Start of RECORDS SUPPLIED

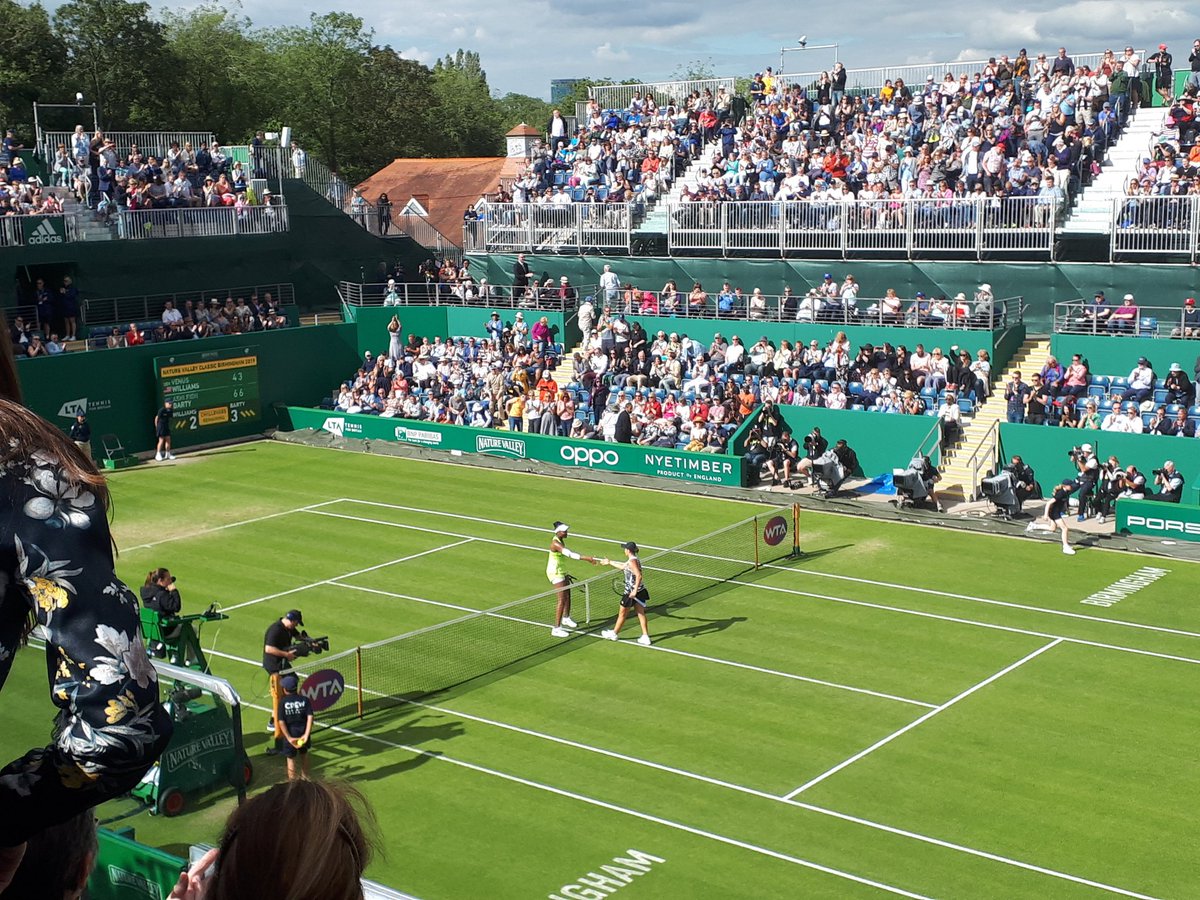 ForwardFactor's tweet photo. And that's that! @ashbar96 breaks Venus Williams to reach the semis of the #NatureValleyClassic 

What a match 6-4 6-3 https://t.co/V686HHhllj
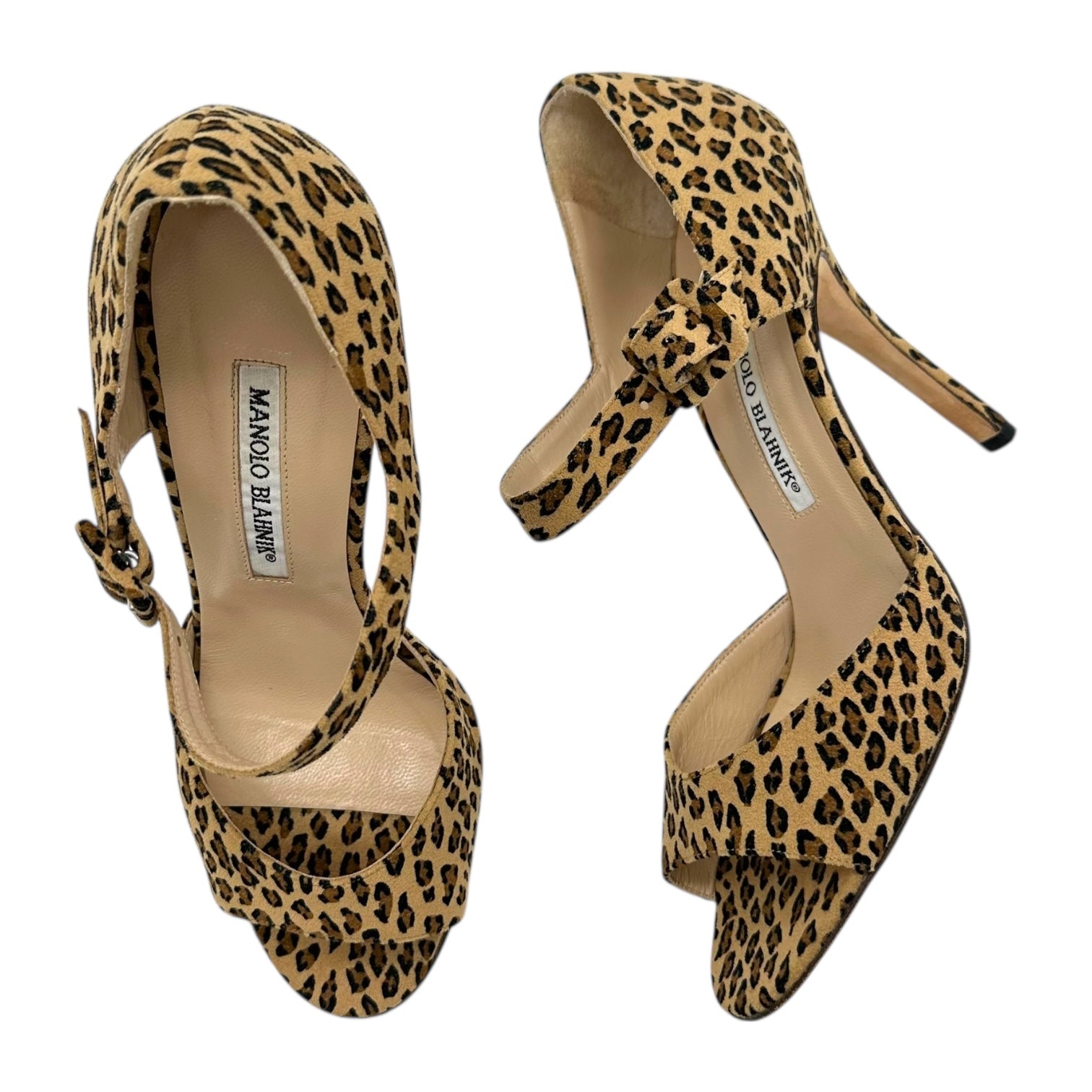 Manolo Blahnik Leopard Print Suede Suede Sandal Heels - Outfit Repeater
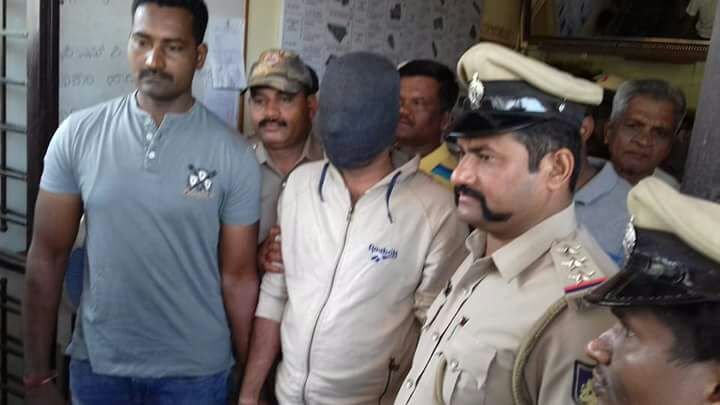 கர்நாடகாவில் 25 கார்களுக்கு தீ வைத்த மருத்துவர் கைது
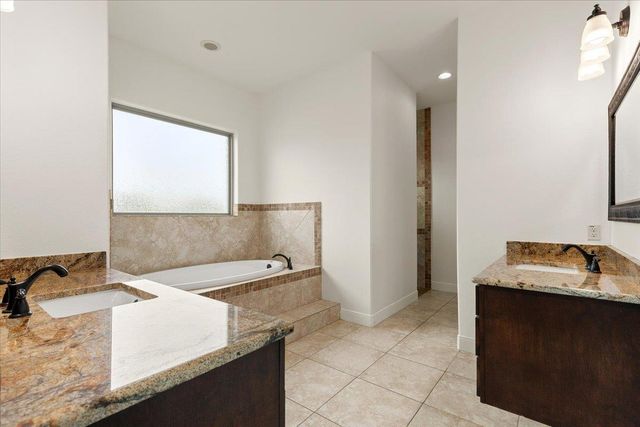 101 Eland Ave, Bastrop, TX 78602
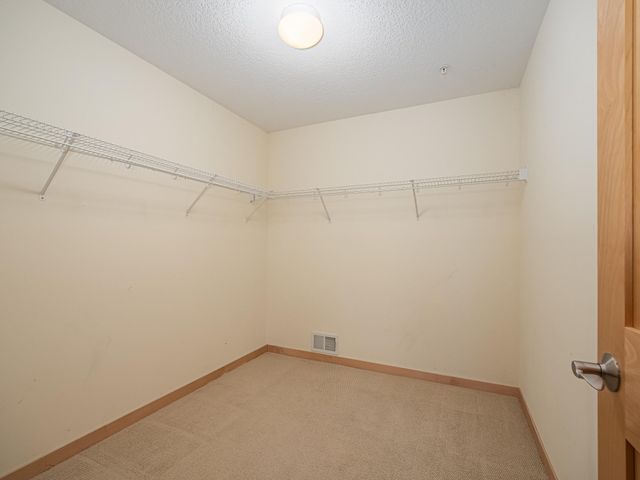 2113 Village Terrace, Bloomington, MN 55431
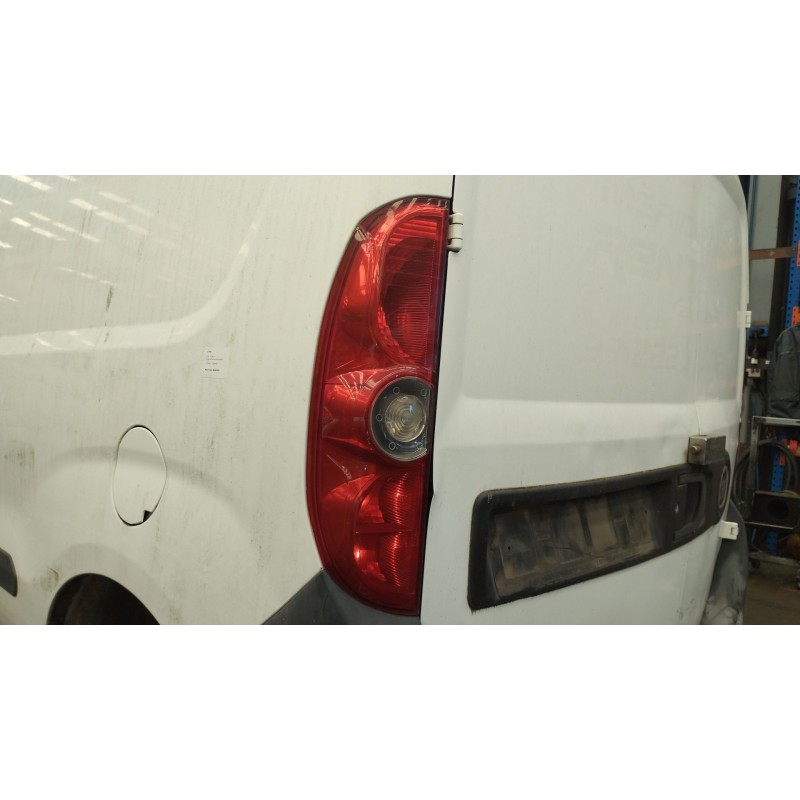 Recambio de piloto trasero izquierdo para fiat doblo furgoneta/monovolumen (223_) 1.3 d multijet referencia OEM IAM 51810674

End of RECORDS SUPPLIED

BRIEF: Without including any pictures, return every line of the records exactly.

ANSWER SECTION:
 ForwardFactor's tweet photo. And that's that! @ashbar96 breaks Venus Williams to reach the semis of the #NatureValleyClassic 

What a match 6-4 6-3 https://t.co/V686HHhllj
 Manolo Blahnik Leopard Print Suede Suede Sandal Heels - Outfit Repeater
 கர்நாடகாவில் 25 கார்களுக்கு தீ வைத்த மருத்துவர் கைது
 101 Eland Ave, Bastrop, TX 78602
 2113 Village Terrace, Bloomington, MN 55431
 Recambio de piloto trasero izquierdo para fiat doblo furgoneta/monovolumen (223_) 1.3 d multijet referencia OEM IAM 51810674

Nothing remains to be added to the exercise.